» Activity
Your task is to transcribe exactly, and only, the lines running from the one with "Personality Melissa Gorga" to the end of the listing below, inclusive, with every picture left out.

» Records to use
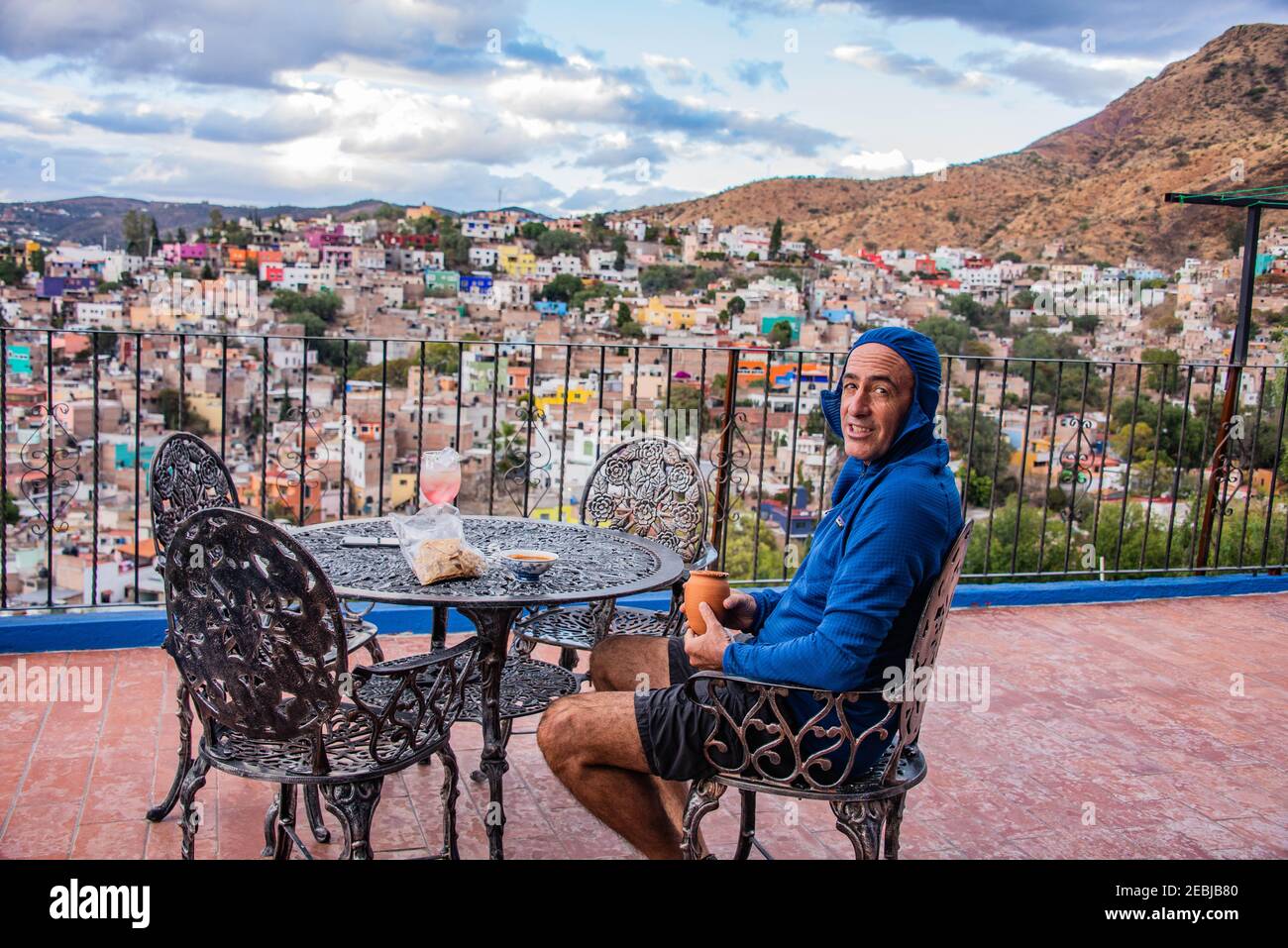 Drinking a glass of margarita with the view of the UNESCO World Heritage Centro Historico in Guanajuato, Mexico Stock Photo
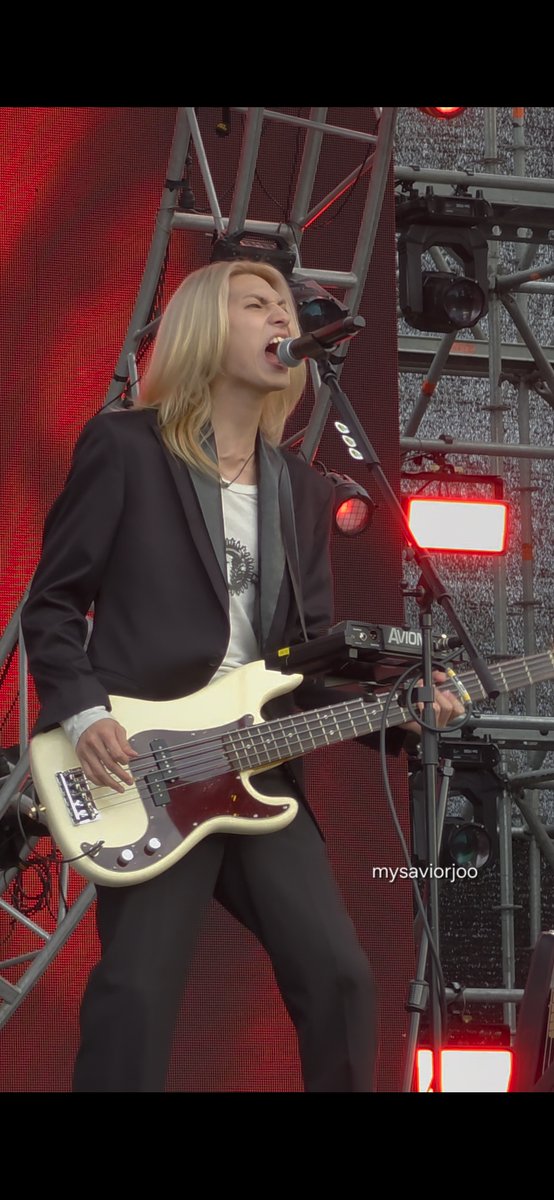Blonde performer in a black blazer singing and playing a cream-colored bass guitar on stage with red lighting, watermarked 'mysaviorjoo'.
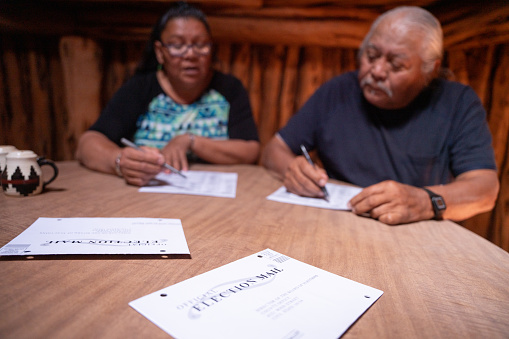 Navajo Senior Couple Sitting At A Table In Their Hogan, With Their Ballots, Looking Over The Voting Issues And Signing Their Ballots, Navajo Tribal Park, Monument Valley, Utah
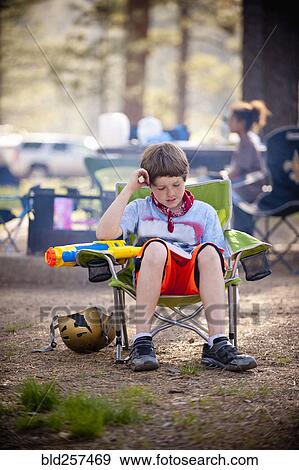 Stock Photo - Caucasian boy reading book at campground. Fotosearch
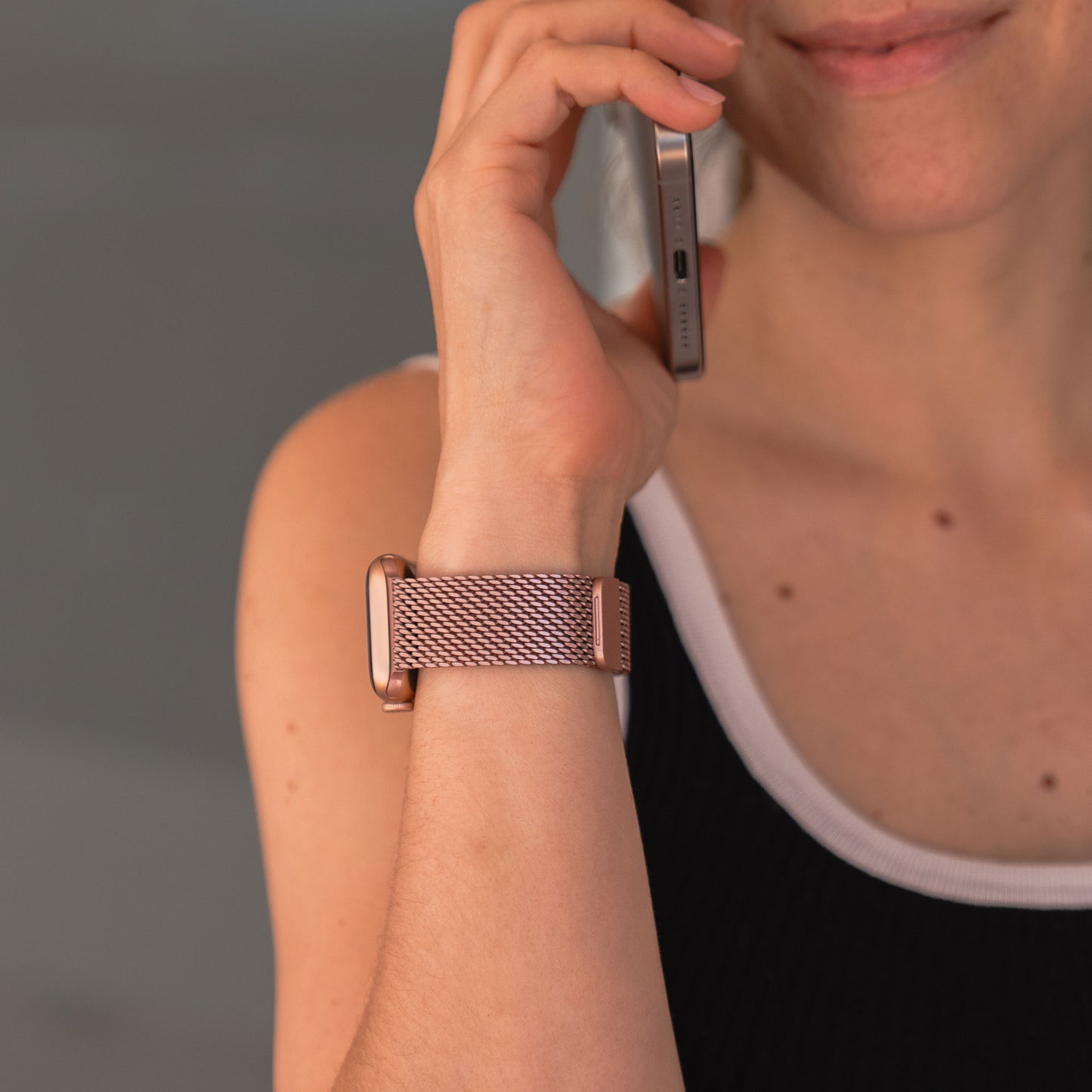 Eine Frau hält ein Telefon an ihr Ohr und trägt ein Arktisband Apple Watch Milanaise Armband „Bold“ in Pink am Handgelenk – Apple Watch kompatibel.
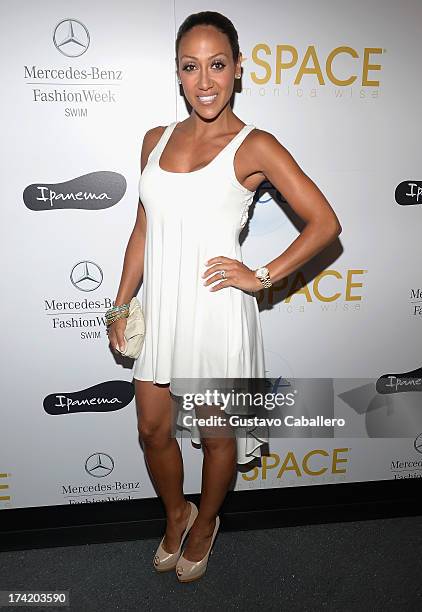 Personality Melissa Gorga poses backstage with Ipanema at the L*SPACE By Monica Wise show during Mercedes-Benz Fashion Week Swim 2014 at Cabana...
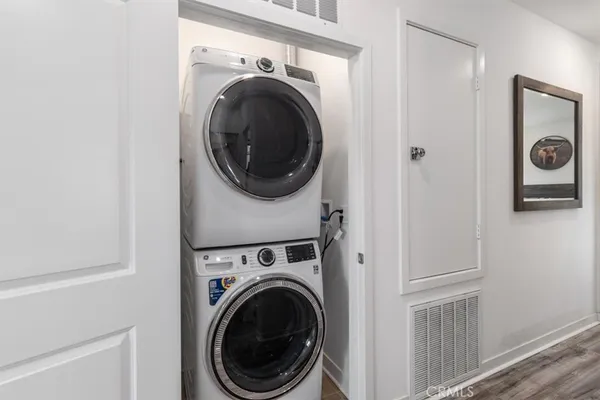 a hallway with wooden floor and couches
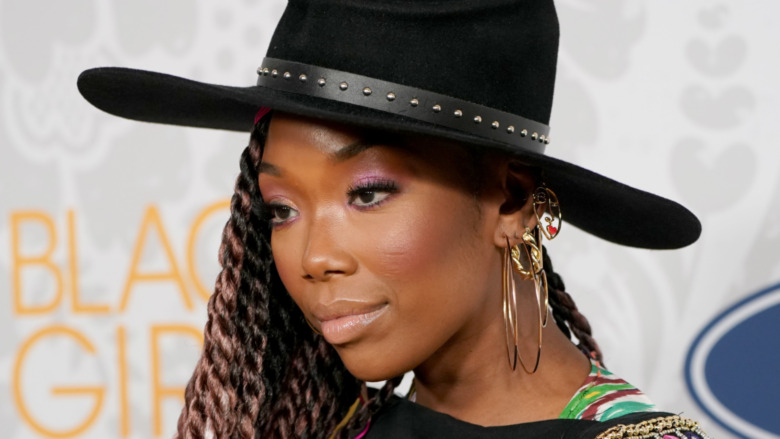 Brandy Norwood with a serious expression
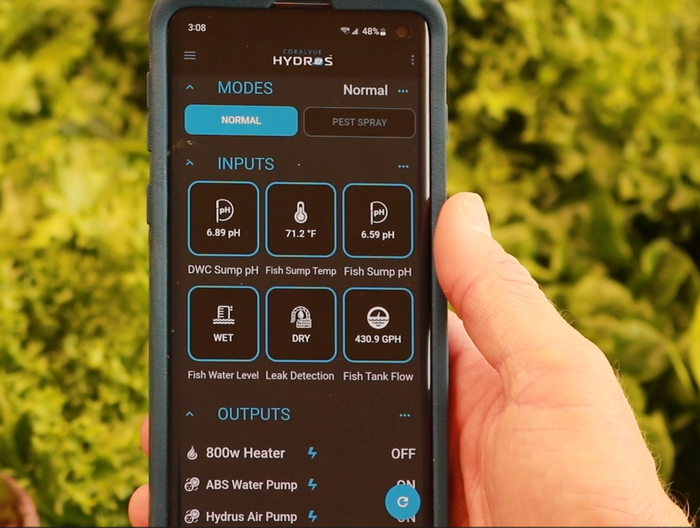 A person holding up a smartphone with a green screen, utilizing TAS HYDROS Control X3 Controllers for controlling pumps and monitoring sensors.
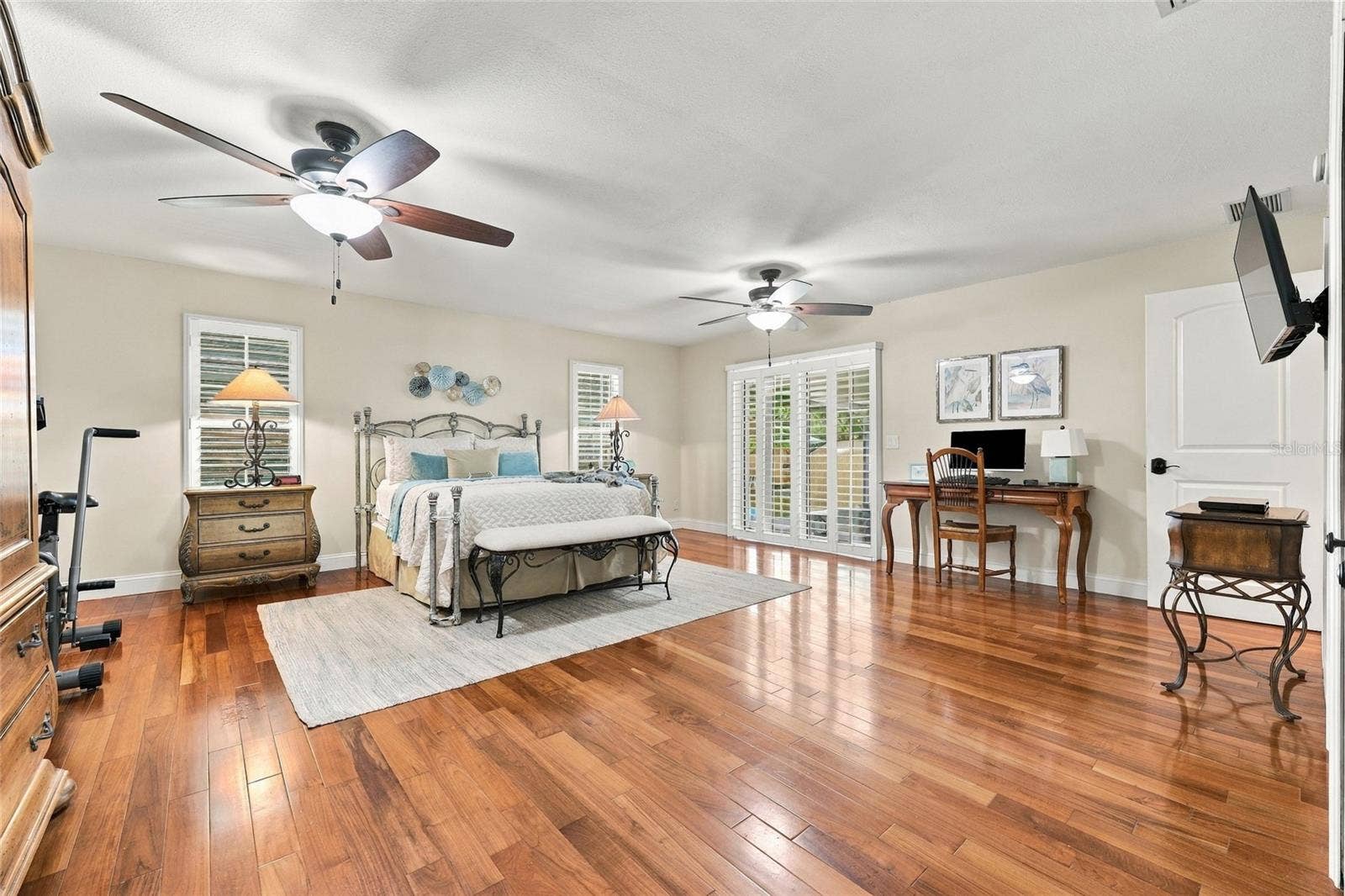 13205 MARIA AVENUE, Clermont, FL 34711 Primary bedroom with doors out to lanai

» Finished task
 Personality Melissa Gorga poses backstage with Ipanema at the L*SPACE By Monica Wise show during Mercedes-Benz Fashion Week Swim 2014 at Cabana...
 a hallway with wooden floor and couches
 Brandy Norwood with a serious expression
 A person holding up a smartphone with a green screen, utilizing TAS HYDROS Control X3 Controllers for controlling pumps and monitoring sensors.
 13205 MARIA AVENUE, Clermont, FL 34711 Primary bedroom with doors out to lanai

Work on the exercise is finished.